Wednesday, September 12, 2007

If measurement could be more precise, the perceived relationship is stronger, not weaker

A favorite Sailer post consists of an amalgamation of reader suggestions on ideas that journalists (and everybody else) should keep in mind.

I have another to add, that I've seen ignored on several occasions. As someone fairly well-versed in statistics, it's obvious. But as someone who frequently struggles to grasp so many things that more informed people find effortlessly intuitive, I'm confident some will find it being explicitly spelled out quite helpful.

In the comments of an Arnold Kling post on the intelligence-livability relationship in the US, a skeptical reader writes:
What I find odd is the acceptance of the state as a boundary -- I've lived primarily in two very heterogenous states, Texas and Washington, and they are not fairly characterized by a sum over the entirety. But that is fairly typical.
He is insinuating that the correlation between IQ and livability is questionable because I've used data at the state level to run a regression. But the less precise the use of state-level data is, the stronger the true relationship between intelligence and livability actually is. The more noise extant in the measurements, the lower the observed correlations are going to be. As the sample size increases, the likelihood of it being otherwise rapidly approaches zero (an n of 50 is more than sufficient for this). In attempting to undercut the observed relationship, he is actually suggesting that it is more vigorous than I relate.

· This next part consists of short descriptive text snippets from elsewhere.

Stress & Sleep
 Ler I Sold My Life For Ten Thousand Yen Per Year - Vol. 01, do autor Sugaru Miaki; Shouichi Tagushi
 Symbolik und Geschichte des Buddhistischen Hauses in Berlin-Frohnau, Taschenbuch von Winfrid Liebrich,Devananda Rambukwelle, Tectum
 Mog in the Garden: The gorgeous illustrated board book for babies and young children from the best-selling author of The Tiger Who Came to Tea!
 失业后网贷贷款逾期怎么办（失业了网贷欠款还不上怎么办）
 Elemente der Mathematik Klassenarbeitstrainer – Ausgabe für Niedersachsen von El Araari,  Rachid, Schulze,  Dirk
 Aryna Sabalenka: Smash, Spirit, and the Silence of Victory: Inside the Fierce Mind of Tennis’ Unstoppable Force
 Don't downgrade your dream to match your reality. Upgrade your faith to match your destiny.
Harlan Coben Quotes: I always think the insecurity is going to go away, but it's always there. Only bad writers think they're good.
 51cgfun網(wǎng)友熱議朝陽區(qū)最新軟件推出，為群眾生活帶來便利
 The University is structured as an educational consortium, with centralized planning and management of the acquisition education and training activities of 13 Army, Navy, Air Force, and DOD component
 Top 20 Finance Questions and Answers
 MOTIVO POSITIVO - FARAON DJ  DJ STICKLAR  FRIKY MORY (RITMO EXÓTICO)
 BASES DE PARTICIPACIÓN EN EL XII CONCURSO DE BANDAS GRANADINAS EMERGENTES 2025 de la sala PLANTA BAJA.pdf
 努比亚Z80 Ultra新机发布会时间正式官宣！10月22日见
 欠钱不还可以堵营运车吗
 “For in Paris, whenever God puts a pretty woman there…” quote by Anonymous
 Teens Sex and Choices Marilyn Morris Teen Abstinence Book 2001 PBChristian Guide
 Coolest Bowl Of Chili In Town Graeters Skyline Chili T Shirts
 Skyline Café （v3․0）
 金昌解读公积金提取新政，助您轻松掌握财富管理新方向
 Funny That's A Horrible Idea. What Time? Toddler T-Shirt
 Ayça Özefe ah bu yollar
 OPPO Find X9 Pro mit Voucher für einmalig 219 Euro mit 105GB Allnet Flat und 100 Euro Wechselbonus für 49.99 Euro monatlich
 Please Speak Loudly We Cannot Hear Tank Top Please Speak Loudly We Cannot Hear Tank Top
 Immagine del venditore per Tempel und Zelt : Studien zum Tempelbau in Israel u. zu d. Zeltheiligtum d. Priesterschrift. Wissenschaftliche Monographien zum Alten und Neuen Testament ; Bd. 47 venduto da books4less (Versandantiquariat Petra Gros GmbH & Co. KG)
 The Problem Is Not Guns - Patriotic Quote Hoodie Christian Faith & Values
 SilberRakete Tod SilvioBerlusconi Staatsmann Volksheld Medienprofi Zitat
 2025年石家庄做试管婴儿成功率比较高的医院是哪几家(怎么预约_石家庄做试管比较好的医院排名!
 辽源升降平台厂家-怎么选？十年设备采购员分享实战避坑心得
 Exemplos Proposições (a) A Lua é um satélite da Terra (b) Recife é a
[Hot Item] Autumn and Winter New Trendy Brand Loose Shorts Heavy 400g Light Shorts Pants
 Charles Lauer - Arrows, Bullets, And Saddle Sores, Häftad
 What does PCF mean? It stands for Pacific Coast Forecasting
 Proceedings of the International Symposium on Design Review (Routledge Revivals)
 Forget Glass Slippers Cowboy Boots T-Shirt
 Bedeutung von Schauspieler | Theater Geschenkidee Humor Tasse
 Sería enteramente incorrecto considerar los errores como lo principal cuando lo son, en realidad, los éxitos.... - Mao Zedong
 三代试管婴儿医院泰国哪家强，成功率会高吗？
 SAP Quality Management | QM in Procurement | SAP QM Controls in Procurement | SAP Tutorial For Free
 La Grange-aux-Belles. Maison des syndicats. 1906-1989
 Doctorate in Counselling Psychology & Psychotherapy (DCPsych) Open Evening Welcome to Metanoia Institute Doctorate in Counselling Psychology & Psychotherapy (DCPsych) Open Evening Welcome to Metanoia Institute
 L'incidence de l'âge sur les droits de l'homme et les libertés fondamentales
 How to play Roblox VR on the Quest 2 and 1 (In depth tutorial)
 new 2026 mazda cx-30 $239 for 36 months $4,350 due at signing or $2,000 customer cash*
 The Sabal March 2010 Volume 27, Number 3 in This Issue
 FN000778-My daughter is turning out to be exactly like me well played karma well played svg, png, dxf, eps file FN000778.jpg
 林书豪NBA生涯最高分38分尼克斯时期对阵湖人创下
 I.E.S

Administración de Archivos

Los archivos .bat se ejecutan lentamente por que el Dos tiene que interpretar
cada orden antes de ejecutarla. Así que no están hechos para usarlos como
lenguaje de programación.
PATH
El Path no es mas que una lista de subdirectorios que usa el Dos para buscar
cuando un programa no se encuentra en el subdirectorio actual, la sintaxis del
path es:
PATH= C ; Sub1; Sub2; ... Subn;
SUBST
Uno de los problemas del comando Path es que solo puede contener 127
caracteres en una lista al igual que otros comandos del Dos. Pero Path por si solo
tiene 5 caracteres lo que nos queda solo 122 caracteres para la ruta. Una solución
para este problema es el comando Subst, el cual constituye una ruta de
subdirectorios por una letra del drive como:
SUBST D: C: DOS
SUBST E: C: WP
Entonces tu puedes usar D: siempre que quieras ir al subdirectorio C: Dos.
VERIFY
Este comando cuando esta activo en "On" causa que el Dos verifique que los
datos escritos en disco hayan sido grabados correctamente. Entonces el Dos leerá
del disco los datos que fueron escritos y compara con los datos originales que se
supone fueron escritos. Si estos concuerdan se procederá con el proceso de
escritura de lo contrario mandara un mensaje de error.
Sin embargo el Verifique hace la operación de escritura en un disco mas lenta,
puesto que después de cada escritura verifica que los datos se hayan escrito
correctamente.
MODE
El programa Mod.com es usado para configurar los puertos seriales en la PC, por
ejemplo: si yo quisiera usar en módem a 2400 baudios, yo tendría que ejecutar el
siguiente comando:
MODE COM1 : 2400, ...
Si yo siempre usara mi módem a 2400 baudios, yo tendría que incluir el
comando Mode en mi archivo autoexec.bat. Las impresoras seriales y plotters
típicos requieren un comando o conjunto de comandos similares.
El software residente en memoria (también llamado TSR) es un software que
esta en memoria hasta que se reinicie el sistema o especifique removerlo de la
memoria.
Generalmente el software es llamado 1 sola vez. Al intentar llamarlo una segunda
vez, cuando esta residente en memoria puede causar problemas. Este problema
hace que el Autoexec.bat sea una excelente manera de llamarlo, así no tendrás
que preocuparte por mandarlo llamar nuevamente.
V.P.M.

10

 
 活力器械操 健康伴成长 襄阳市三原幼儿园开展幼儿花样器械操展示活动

If I suspected a relationship between the percentage of land paved with asphalt and population density in the US, my suspicion would be confirmed by relating the two at the state level. Say I find the two correlate at .40 (I'm assuming that this supposed relationship isn't contested even though I'm not using actual figures). New York has a higher proportion of its land devoted to roads and a greater population density than Alaska does.

But Anchorage has more asphalt and neighbors than does the area 50 miles north of Utica. The effect of internal 'inconsistencies' like these are lessened by a similar analysis on the county level. Most US counties have few people and few roads. A relative few have lots of people and lots of roads. The correlation jumps to .80.

Arguing that, because the state-level comparison isn't perfect, there is probably little relationship between population density and land devoted to roads is to get it backwards. Because the state-level comparison isn't ideal, a more precise comparison will show that the real relationship is considerably stronger.

That same sort of argument is constantly employed against the utility of IQ data. Because IQ tests are not perfect measurements and only approximate overall intelligence, that IQ and infant mortality correlate strongly does not mean that thus-far unmeasurable Intelligence and infant mortality are related in any way. Of course, if IQ, as a sloppy measure of intelligence, is related to infant mortality, a crisper measure of intelligence will be, outside of extreme (randomly occuring) anomaly, be more strongly related to infant mortality than imperfect IQ.

Or consider my state IQ estimates that were followed by VCU Professor Michael McDaniel's estimates. They were arrived at similarly, but McDaniel's numbers were more precise. And, of course, they correlated more strongly with other good-faith IQ estimates than mine did.

Essentially, as in life generally, in measuring statistical relationships, the perfect is not the enemy of the good.

1 comment:

Steve Sailer said...

Right. You see that all the time with criticism of Lynn and Vanhanen's national average IQ numbers. There are perfectly valid criticisms that can be made of their source data, such as how nationally representative it is and the apples and oranges aspects of comparing results from different tests, but many people take the exactly wrong implication from these quibbles: therefore we shouldn't pay attention to the correlations between national average IQ and real world results like GDP per capita!

Uh, no, it's really the other way around. Unless you can identify non-random biases pointing in a single direction, all the noise in the data means that true correlations are probably higher, not lower.